Please set down, word for word, the line that contains "Every time you" and every line after it to the end of the entries below, omitting the pictures.

--- Collected data ---
......

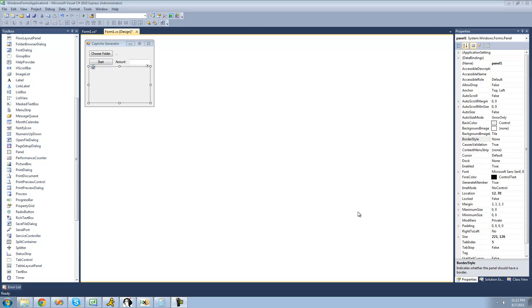Hey guys, welcome to the 183rd C-Sharp tutorial for the new Boston. In this tutorial, we're going to continue working on our CAPTCHA generator.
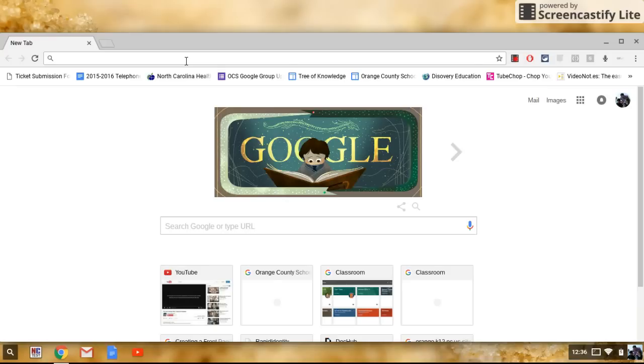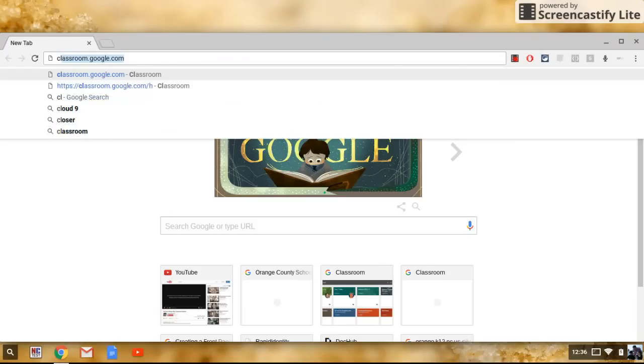This video is about getting students to Google Classroom inside of one click. When you do this with students, you have to have them go to Google Classroom once, and they can either type classroom.google.com or they can Google Google Classroom.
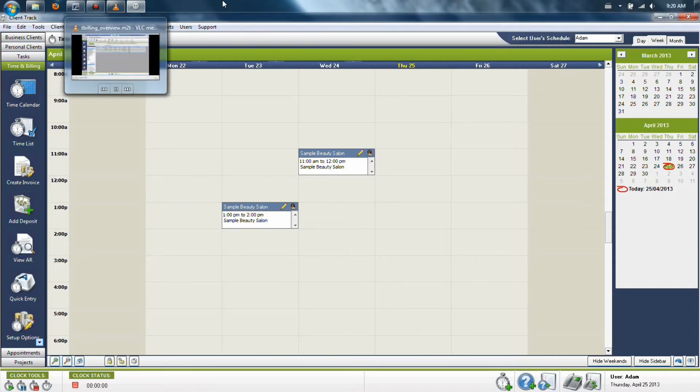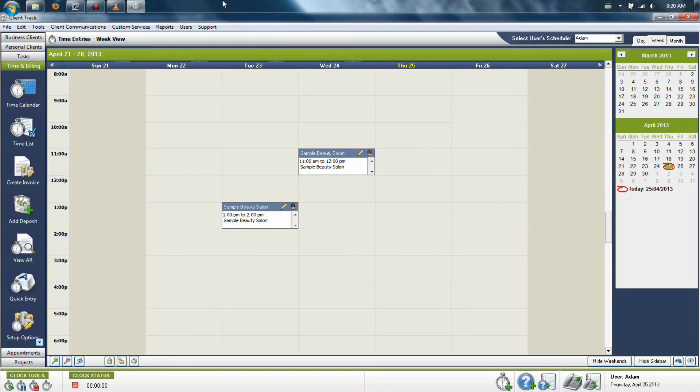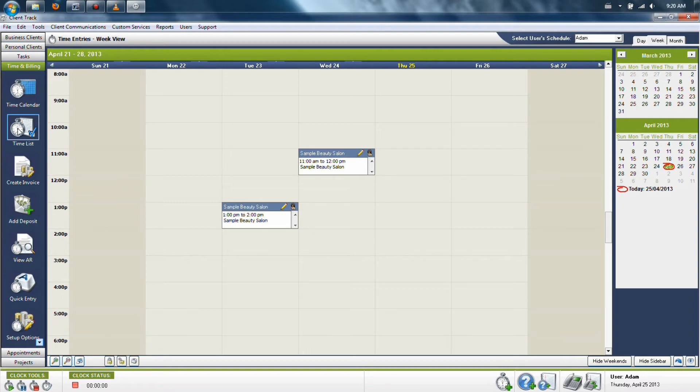Welcome to the time and billing portion of ClientTrack. In here, you can track the time that you're spending working on your clients, record it in your list views on your calendars, and create searches based on the time that you're entering.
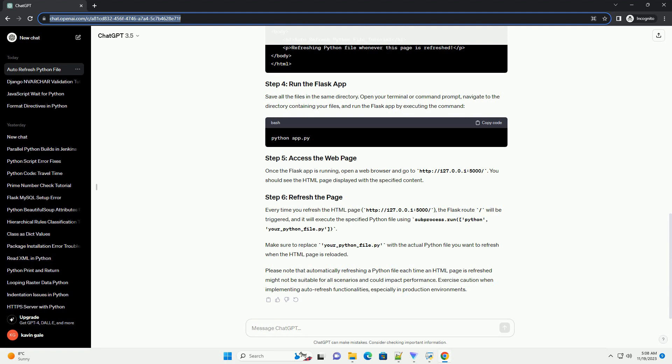Every time you refresh the HTML page, http://127.0.0.1:5000/, the Flask route will be triggered, and it will execute the specified Python file using subprocess.run.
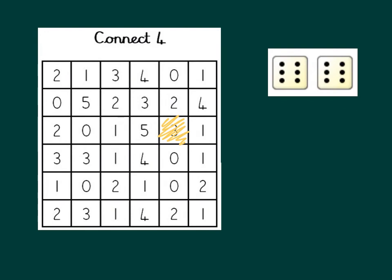Then it's the next player's turn. Let's say they roll a 6 and a 6. Well, the difference there is 0, so they're going to choose one of the zeros on the grid. Let's say they go for this one here.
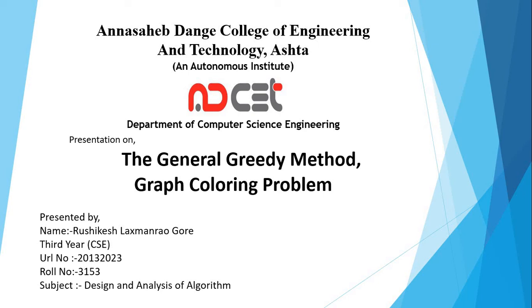Hello everyone, I am here to present a presentation on the general greedy method graph coloring problem.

......

--- Output ---
Every time you refresh the HTML page, http://127.0.0.1:5000/, the Flask route will be triggered, and it will execute the specified Python file using subprocess.run.
Then it's the next player's turn. Let's say they roll a 6 and a 6. Well, the difference there is 0, so they're going to choose one of the zeros on the grid. Let's say they go for this one here.
Hello everyone, I am here to present a presentation on the general greedy method graph coloring problem.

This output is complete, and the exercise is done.